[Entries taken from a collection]
──────

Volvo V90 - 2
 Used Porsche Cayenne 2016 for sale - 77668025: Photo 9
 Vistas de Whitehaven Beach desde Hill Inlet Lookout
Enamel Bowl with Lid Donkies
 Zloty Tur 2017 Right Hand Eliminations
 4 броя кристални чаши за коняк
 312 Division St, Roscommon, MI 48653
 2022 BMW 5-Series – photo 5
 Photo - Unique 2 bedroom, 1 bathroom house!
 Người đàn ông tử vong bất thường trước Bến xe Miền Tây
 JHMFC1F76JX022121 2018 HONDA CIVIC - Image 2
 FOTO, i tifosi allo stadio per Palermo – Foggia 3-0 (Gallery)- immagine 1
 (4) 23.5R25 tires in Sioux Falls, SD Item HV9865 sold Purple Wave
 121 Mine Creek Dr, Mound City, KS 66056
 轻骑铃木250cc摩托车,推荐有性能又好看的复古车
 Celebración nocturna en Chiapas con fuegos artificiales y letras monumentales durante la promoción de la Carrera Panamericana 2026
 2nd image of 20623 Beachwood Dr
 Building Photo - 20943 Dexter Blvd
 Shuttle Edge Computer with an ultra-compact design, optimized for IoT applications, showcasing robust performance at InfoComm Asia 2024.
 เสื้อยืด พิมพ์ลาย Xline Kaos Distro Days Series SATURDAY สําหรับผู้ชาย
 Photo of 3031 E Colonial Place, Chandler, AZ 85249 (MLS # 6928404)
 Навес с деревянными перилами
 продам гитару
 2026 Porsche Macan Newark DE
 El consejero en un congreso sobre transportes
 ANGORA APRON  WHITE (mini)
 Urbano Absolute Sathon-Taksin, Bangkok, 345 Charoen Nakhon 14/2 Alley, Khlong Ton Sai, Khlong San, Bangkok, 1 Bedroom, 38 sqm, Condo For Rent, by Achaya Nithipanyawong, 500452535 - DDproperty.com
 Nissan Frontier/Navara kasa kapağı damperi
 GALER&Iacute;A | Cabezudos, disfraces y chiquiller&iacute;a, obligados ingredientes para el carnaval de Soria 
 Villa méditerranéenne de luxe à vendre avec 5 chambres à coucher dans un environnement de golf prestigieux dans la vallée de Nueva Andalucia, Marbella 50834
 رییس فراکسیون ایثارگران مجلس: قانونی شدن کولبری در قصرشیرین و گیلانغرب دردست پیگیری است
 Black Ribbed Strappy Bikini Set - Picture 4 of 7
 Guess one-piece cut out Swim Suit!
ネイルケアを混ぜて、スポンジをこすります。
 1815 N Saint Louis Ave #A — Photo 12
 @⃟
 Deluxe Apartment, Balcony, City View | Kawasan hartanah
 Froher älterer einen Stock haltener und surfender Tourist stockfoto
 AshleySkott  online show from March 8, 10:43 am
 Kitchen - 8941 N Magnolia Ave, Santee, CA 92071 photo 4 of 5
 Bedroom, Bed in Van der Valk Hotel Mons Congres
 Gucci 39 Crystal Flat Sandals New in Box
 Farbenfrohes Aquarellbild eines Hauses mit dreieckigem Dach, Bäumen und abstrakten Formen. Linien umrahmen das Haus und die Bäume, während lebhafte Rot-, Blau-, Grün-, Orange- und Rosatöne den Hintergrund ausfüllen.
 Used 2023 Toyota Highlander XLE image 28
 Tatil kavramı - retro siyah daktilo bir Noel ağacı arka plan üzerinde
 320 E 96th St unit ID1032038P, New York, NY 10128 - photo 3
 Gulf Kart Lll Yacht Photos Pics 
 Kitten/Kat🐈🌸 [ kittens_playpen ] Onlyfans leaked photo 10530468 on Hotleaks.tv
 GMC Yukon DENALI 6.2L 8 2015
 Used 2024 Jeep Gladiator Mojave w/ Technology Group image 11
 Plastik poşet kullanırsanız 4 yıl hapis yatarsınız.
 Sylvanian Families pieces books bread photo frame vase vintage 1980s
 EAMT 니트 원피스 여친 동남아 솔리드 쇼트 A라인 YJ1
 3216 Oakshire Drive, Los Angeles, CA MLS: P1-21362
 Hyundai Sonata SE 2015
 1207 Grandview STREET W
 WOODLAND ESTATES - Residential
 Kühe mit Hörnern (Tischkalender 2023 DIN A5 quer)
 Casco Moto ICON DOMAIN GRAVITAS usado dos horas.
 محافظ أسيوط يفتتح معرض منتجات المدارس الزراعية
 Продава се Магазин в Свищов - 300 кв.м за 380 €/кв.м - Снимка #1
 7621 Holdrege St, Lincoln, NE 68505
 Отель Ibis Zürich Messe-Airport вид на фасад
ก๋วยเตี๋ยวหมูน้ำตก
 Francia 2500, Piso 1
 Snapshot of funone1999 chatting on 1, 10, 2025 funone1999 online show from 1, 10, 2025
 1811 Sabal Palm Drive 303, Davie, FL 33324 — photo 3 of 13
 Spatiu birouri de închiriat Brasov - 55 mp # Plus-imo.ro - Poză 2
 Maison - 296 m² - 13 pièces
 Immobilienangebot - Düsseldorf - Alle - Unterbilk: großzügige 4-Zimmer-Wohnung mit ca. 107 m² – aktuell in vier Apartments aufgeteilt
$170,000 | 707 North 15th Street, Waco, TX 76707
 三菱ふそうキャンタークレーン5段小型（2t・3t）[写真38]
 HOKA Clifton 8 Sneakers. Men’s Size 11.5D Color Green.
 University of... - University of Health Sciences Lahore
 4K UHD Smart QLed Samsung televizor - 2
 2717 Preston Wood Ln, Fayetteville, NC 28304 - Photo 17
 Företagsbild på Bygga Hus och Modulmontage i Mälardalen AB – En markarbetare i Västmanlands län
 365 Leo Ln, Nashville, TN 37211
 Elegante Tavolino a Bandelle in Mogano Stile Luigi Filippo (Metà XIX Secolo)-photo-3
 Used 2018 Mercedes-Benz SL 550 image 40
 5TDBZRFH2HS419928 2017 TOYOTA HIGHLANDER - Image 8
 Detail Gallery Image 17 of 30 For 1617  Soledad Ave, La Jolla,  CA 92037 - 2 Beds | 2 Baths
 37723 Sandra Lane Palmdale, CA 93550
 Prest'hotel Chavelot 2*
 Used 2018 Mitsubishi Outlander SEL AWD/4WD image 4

──────

■ **Work task**:
Lines containing the word "Series" are to be pulled from the records and copied.

■ **Task result**:
 2022 BMW 5-Series – photo 5
 เสื้อยืด พิมพ์ลาย Xline Kaos Distro Days Series SATURDAY สําหรับผู้ชาย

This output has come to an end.